Last week, Manitoba’s Auditor General reported that Manitoba is on a course for failure on its promise to reduce greenhouse gas emissions 6 per cent below 1990 levels by 2012. As of 2008, Manitoba’s emissions were actually 17.6 per cent above 1990. We are heading in the wrong direction and there is still no plan in place to get us where we need to go.
The news from the Auditor’s report was not all bad. Manitoba has responded positively to the challenge of climate change, and is one of the only provinces that has adopted a goal consistent with Canada’s Kyoto commitments. The province has put in place over 70 programs, most of which are well funded and properly monitored.
Even so, the numbers need to be addressed. We have a 2.7 million ton gap between our commitments and reality. This is a heavy millstone for any government. Given the gravity of the situation, it is disappointing to hear Conservation Minister Bill Blaikie’s dismissal of the issue as a result of Manitoba’s successful immigration policy.

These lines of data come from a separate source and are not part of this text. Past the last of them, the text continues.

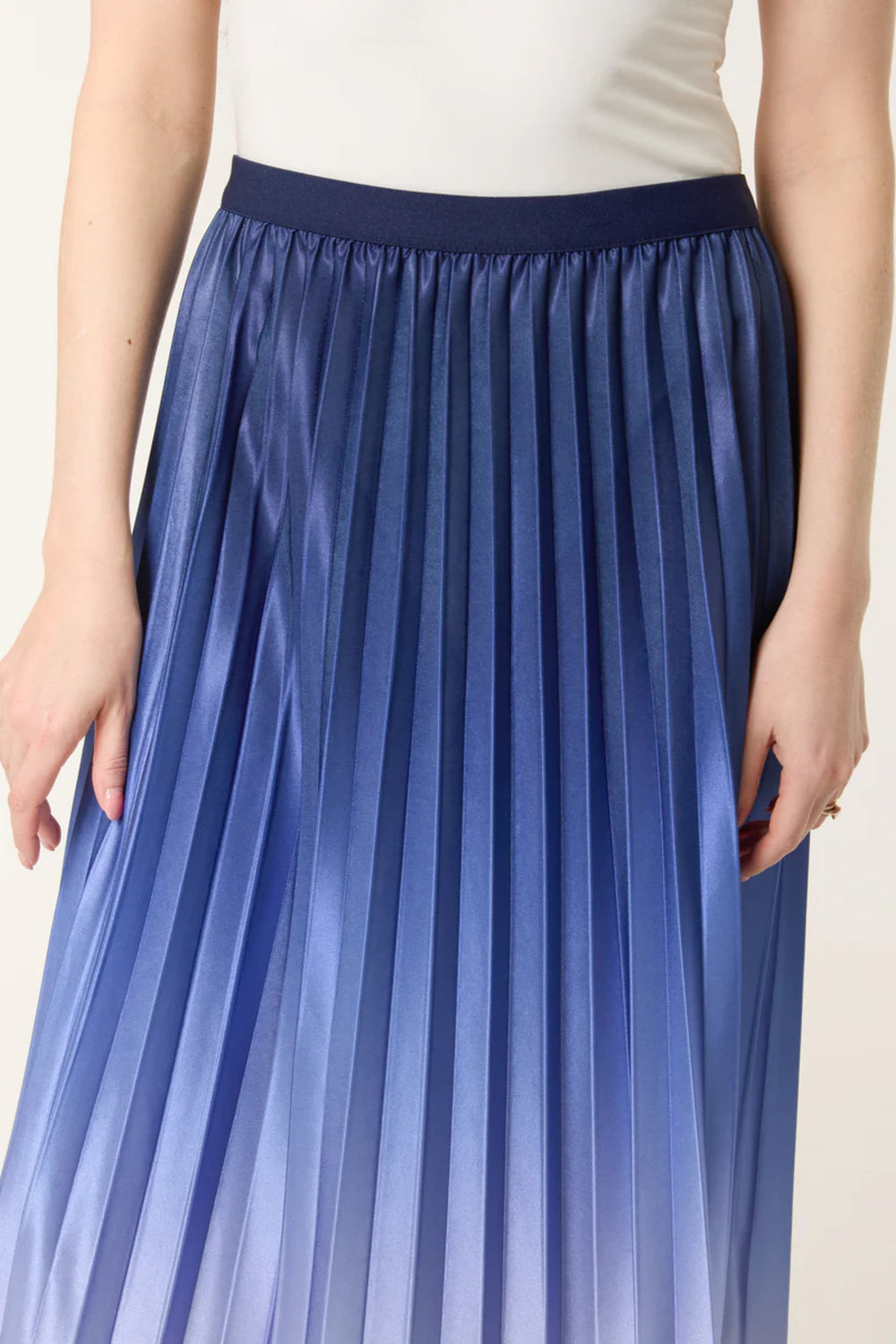 Blue Gradient Pleated Midi Skirt NALL257222008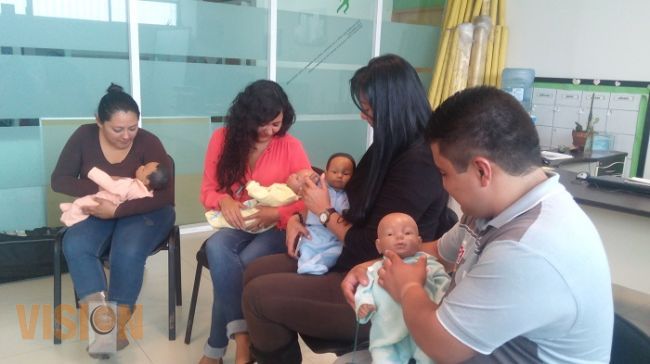 Crean conciencia sobre embarazos prematuros con simuladores de bebés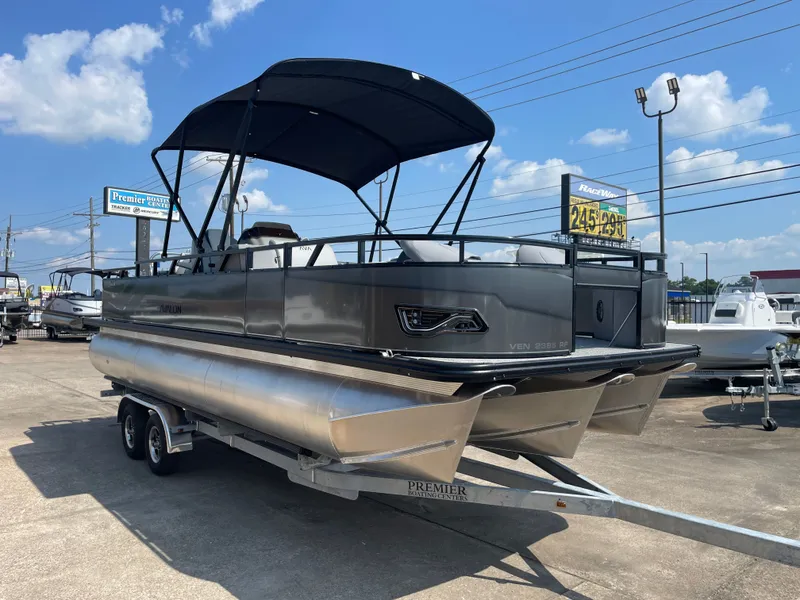 Slide: The Image of Avalon Venture 85 Rear Fish - 23' 2025 - 5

Blaikie was quoted on CBC yesterday: “On the one hand, if your immigration policies succeed, you’ve got [thousands] of people coming into the province and they are all driving cars,”
Other provinces have also had high levels of immigration in recent years, but Manitoba’s per capita emissions climbed 7.7 per cent, compared to only 2.8 per cent nationally. It is not just the number of people here that determine our emissions, but the policies and priorities we set as a society.
The good news is that there are many positive steps Manitoba can take to reduce emissions quickly. If the Province follows through on the Auditor General’s recommendations as it promised last week, we can still reverse the threat of global warming. It requires that we take the problem seriously, and not dismiss it as the fault of others.